Birgün Gazetesi’ne verdiği demecinde AK Parti’nin Kürtlere yönelik yeni bir politikaya girişmediğini söyleyen Ensarioğlu, yeni Bakanlar Kurulu için, “Bakanlık bir tercih meselesidir. Cumhurbaşkanı ve Başbakan, birlikte çalışacağı ekibi belirler. Hükümet meselesi bu açıdan başka bir şey. Doğu’yu ve Güneydoğu’yu yok sayan bir siyaset izlememiz mümkün değil. Bu hiçbir partide olmaması gereken bir anlayıştır. Eğer Kürtleri yok sayarsanız MHP’nin ve CHP’nin olduğu gibi bölgede birer tabela partisine dönüşürsünüz. Sadece tabelaları var, kendileri yok” dedi.

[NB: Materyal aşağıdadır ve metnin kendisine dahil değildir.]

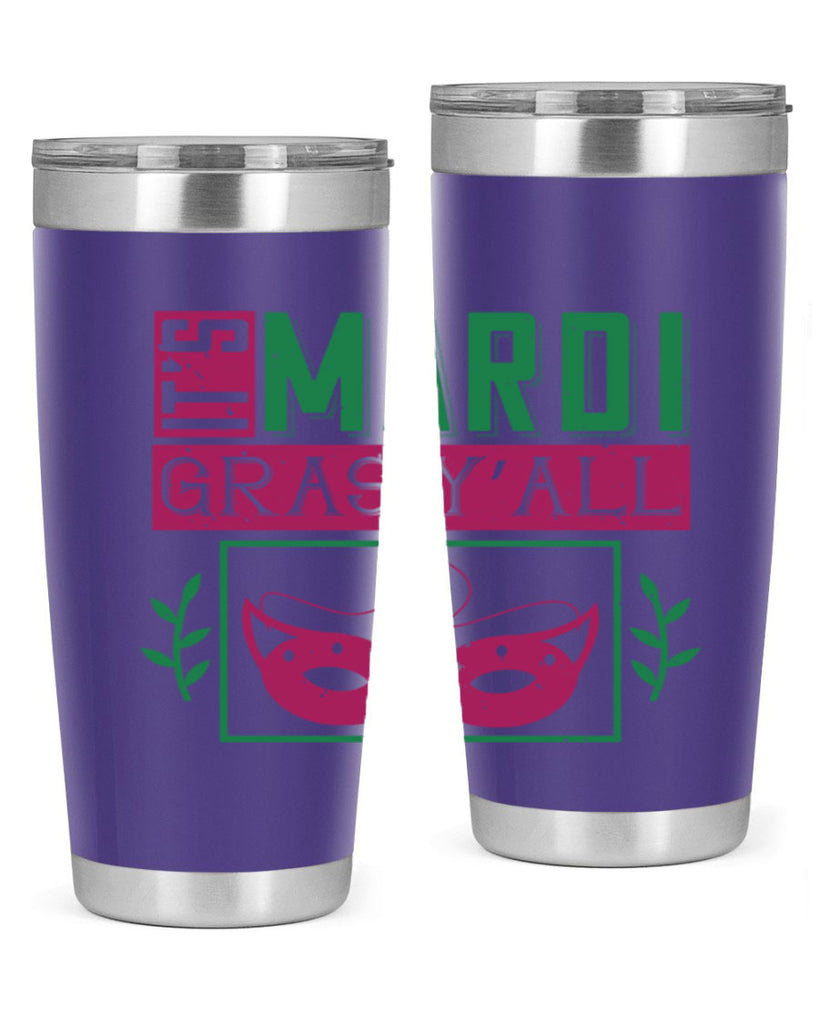 it’s mardi gras y’all 60#- mardi gras- Tumbler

AK Parti’nin MHP ile kurduğu ittifakın yalnızca referandum ile sınırlı olduğunu ve devamının gelmeyeceğini savunan Ensarioğlu, “Zamanında Refah Partisi, MHP ile ittifak kurduğunda çok fazla oy kaybı yaşadı. Bizim kurduğumuz ittifak da referanduma yönelik bir ittifaktı. Bu ittifak zihinsel ve siyasi bir birliktelik anlamına gelmez. AK Parti ve MHP iki ayrı partidir ve birbirinin rakibidir” dedi.

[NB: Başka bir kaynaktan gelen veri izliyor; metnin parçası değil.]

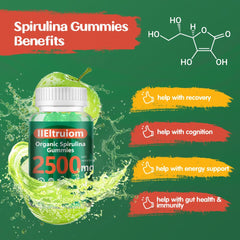IIEltruiom Spirulina Gummies pour illustrating convenient daily intake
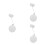 3Pcs Retractable Security Cable Locks White ABS Steel Tool Organizer 10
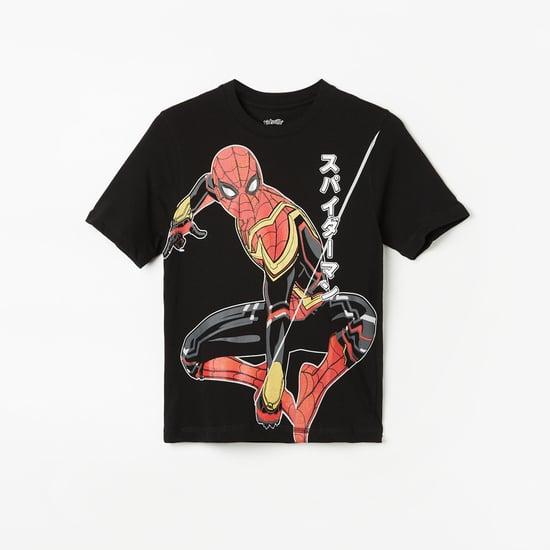 kidsville boys spiderman print t-shirt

Referandumda MHP ile kurulan ittifakın bölgede negatif bir etki oluşturmadığını söyleyen Ensarioğlu, bu ittifakın en büyük sorumlusunun HDP olduğunu söyledi. HDP’nin AK Partiyi 2010 referandumunda, 7 Haziran sonrasındaki hükümet kurma çabalarında ve başkanlık sistemini içeren Anayasa değişikliği referandumunda desteklemediğine vurgu yapan Ensarioğlu, “Destek vermediğiniz zaman başkasının verdiği desteği sorgulama hakkınız da olmaz. Burada HDP’nin günahı da aranmalı. HDP’nin 7 Haziran sonrası ve referandumdaki tavrı nedeni ile partimizin MHP ile ittifakı Kürtler tarafından makul karşılandı” ifadelerini kullandı.
AK Partinin kurulduğu günden bu güne Kürtleri yok sayan bir anlayışta olmadığını söyleyen Ensarioğlu, “Partimiz referandumda Güneydoğu’da oylarının tamamını artırmıştır. Oyunu artırmadığı tek bir Güneydoğu vilayeti yoktur. Batıda da özellikle Güneydoğulu vatandaşların yaşadığı semtlerde oy artışları yaşandı. Diğer yerlerde ise oylar düştü. Güneydoğu’ya ve Kürtlere negatif bir bakış açısı, bu nedenlerle yoktur ve kabul edilemez” diye konuştu.